The runners then turned at the first opportunity on re-entering the racecourse and made towards the fences in front of the stands. Fence 14 Hurdle at the distance post, Fence 15 Artificial water jump, 13' 6" wide with a 3' high rail and 4' brook.

Second circuit: The runners then turned away from the Grandstands again and crossed the lane, into the a field known as the wheat piece before following the same circuit until reaching the racecourse again. This time the runners continued to the wider extreme of the course before turning to run up the straight in front of the stands. Fence 29 Long length hurdles, Fence 30 Distance hurdle.

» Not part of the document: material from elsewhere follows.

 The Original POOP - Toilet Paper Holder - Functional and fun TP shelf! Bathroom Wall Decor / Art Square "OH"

The runners then bypassed the Hurdle at the distance post and artificial Water Jump on the inside before reaching the winning post in front of the Main Stand.

==Leading Contenders==
Miss Mowbray the 1852 winner and 1853 runner up was the hot favourite for weeks prior to the race and her position was strengthened with the suggestion that Jem Mason would come out of his recent retirement to partner her. However, suspicions began to rise that something was amiss when the Mare didn't take a customary prep circuit of the course the day before the race, instead performing only light walking exercises. Concerns grew on race day that she would be withdrawn and when the announcement came, just fifty-five minutes before the scheduled start, there were angry words among the spectators towards her connections. It later emerged that the mare had been got at, her foreleg deliberately blistered to such an extent that her withdrawal from this and every other race for the rest of the year was unavoidable.

Bourton had already been installed as clear 4/1 favourite on the day, despite having failed to impress on his two previous attempts at the race, failing to complete the course on each occasion.

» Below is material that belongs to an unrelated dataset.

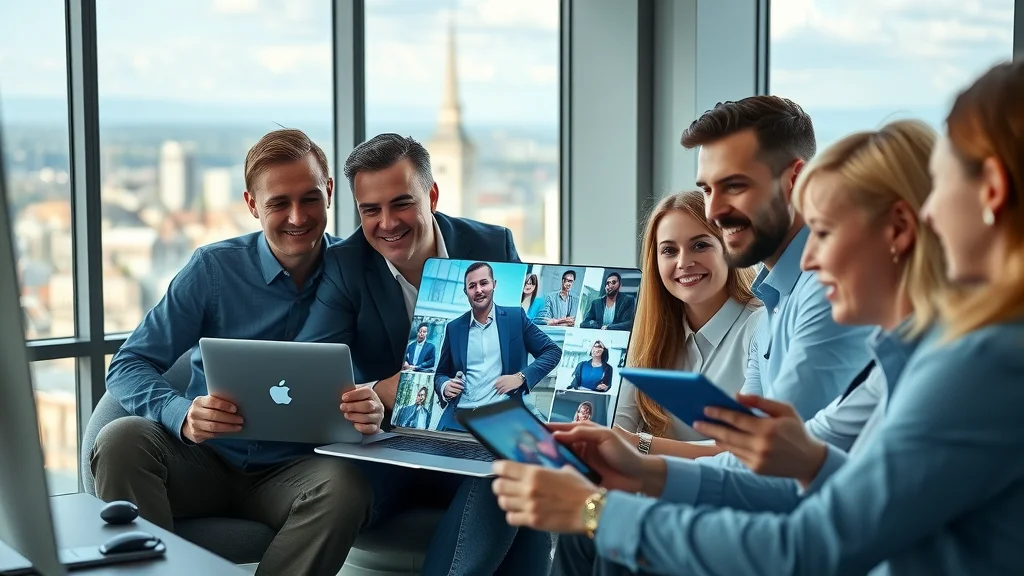 Business team reviewing video ads in a London office - hire a London video marketing agency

Maurice Daley was the most popular of Tom Olliver's training quartet at 5/1 and received greater support on his surprise decision to partner the horse instead of Peter Simple on whom he'd won last year, or Half And Half, that most of the racegoers expected him to ride. It turned out that the choice wasn't Olliver's though and that he'd been told to partner Maurice Daley by his retaining owner, Mr Cartwright, which triggered an angry verbal exchange with Peter Simple's owner, Josey Little. The horse was taking part for the fourth time, having always been previously ridden by Charley Boyce, who steered him to runner up to Miss Mowbray two years earlier. It would be Olliver's record sixteenth ride in the race, having never yet missed an official running.

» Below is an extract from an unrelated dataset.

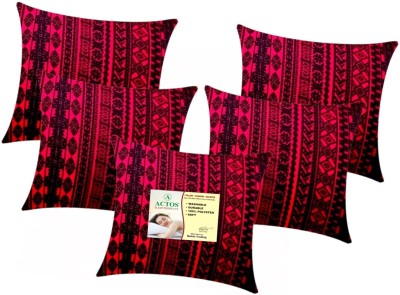 ACTOS Microfibre Floral Cushion Pack of 5(Maroon)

Half And Half was the second of the Tom Olliver quartet at 8/1 and backed heavily in the belief the trainer would be on board. His declaration to ride Maurice Daley instead, did nothing to diminish support for the horse who'd finished fourth in race two years earlier. Chris Green toom the ride.

Crabbs was the local favourite at 10/1 was to have been partnered as last year by Fowler, when the partnership was severed a mile from home. However, the rider took ill shortly before the race and Denny Wynne came in for his ninth ride in the race as a late replacement.

Peter Simple was the third of Olliver's quartet at 12/1 and aiming to try and become the first triple winner at the advanced age of sixteen. Owner, Captain Josey Little was incensed on hearing the trainer would not be reuniting with the horse on the instruction of Olliver's retained owner, leading to a heated row between Little and Mr Cartwright, despite the fact few people believed Olliver would ride the horse if given the choice. Charlie Boyce was booked for his fourth mount in the race.

Abd El Kader had also hoped to aim for a third win in the race but broke loose while riding in a train from The Curragh to Dublin, injuring an eye and foreleg sufficiently for the owner to decide it better not to risk the horse. The Colonel, Victress, Comeaway, Squire of Malton and Calmar were all also withdrawn before race day prior to Miss Mowbray joining their number.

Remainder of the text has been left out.